Diğer taraftan Kâfiye ve Şâfiye üzerine Şeyh Rızâ ve Seyyid Abdullâh’ın şerhlerini ve Îsâgocî üzerine Fenârî Şerhî hâşiyelerini, Vankulu, Ahterî gibi lugât-ı Arabiyye kitaplarını mütâlaa etmiştir. Ayrıca yine Abdullatîf Efendi Kütüphânesi’nden Vefeyâtü'l-A’yân ve Şakâ’ik-i Nu’mâniyye, Osmân Fâ’ik Efendi’nin kütüphanesinden Tabakât-ı İsnevî adlı biyografi kitaplarını okumuştur. Şehnâme’den İran’daki geçmiş devletlerin tarihi, Vefeyâtü’lA’yân ile Şakâ’ik-i Nu’mâniyye’den okumuş olduğu önemli şahsiyetlerin biyografisi kendisini oldukça etkilemiş ve o dönemde sadece Amasya’nın önemli alimlerini bir araya getirerek biyografilerini yazmak için bir şevk uyandırmıştır. H. 1305 (M.1887-1888)’de nam salmış âlimleri ziyaret edip biyografilerini araştırmaya gayret etmeye başlamış ve bu çalışmaları nedeniyle de dönemin alimlerinden takdir görmüştür. Bu durum onun çalışma azmini daha da artırmış ve Amasya’nın tarihini ve daha önce yaşayan alimlerini yazmaya ve bu nedenle Amasya’da mevcûd olan kütüphaneleri dolaşıp, vefat eden âlimlerin kabirlerini ziyaret ederek mezar taşlarını okuyup Şâmîce, Gök Medrese mahallelerinde görülen eski türbeleri hayretle gezmeye başlamıştır.

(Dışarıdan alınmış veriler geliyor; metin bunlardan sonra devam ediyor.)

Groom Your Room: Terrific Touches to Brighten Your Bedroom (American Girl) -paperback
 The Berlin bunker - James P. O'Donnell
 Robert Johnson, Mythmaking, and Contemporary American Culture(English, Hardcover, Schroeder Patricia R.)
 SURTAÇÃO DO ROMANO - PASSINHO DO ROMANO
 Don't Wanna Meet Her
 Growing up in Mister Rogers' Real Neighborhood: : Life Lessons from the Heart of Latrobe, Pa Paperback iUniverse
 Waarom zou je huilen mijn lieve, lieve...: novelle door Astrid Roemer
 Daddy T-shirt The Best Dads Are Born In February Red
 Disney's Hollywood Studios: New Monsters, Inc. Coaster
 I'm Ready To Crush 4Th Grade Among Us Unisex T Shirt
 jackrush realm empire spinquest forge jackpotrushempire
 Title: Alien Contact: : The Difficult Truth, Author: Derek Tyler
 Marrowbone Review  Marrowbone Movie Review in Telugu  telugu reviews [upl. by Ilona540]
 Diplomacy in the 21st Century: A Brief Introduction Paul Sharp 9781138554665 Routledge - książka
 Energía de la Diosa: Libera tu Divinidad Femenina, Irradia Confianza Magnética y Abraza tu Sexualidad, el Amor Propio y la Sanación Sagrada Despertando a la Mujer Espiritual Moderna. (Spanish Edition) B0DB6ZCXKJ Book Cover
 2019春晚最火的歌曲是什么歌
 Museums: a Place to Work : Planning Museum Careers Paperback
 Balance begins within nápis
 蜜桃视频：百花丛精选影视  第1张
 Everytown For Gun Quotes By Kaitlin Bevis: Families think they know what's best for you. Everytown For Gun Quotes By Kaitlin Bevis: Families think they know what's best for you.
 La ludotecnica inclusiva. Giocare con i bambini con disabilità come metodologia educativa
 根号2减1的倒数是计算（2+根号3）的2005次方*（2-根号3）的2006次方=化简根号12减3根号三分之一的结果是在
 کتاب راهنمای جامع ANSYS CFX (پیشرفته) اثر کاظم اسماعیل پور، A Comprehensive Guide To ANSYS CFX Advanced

Tahsil hayatında önemli âlimlerden Tasavvurât, Tasdîkât derslerini ve Mugni’l-Lebîb, Telvîh, Akâ’id-i Nesefiyye Şerhini ve Hayâlî, Siyelkûtî Hâşiyelerini ve mukaddemât-ı erba’anın Siyelkûtî, Konevî Hâşiyelerini ve Akâ’id-i Adudiyye Şerhi’ni, Gelenbevî Hâşiyesi’ni ve tefâsîrden Tebâreke sûre-i şerîfesiyle Amme cüz’-i şerîfini ve usûl-i hadîsden Takrîbü’n-Nevevî ve şerhi olan Tedrîbü’r-Râvî ve ma’ânîden Mutavvel kitâplarını ve Ödemişli Mustafa Efendi’den Mir’ât ve hâşiyelerini ve Harpûtî Abdullatîf Efendi’den Muhtasarü'lMa’ânî ve Ermenekli Süleymân Sırrî Efendi’den Isâmü’l-Ferîde ve İnegöllü Ali Râtib Efendi’den Kasîdetü’l-Bürde şerhi ve Dağıstânî Ömer Ziyâ’eddîn Efendi’den Muhtasaru’lBuhârî, Şam’da eş-Şeyh Bedreddîn Mehmed bin Abdurrahmânü’l-Mağribî’den Sahîhü’lBuhârî kitaplarını okumuş ve bu ilimlere dair pek çok kitap inceledikten sonra el-Hâc Ahmed Nûreddîn Efendi’den H.1317 cumâdelâhiresi ortalarında (M. 1899) icâzetnâme almıştır.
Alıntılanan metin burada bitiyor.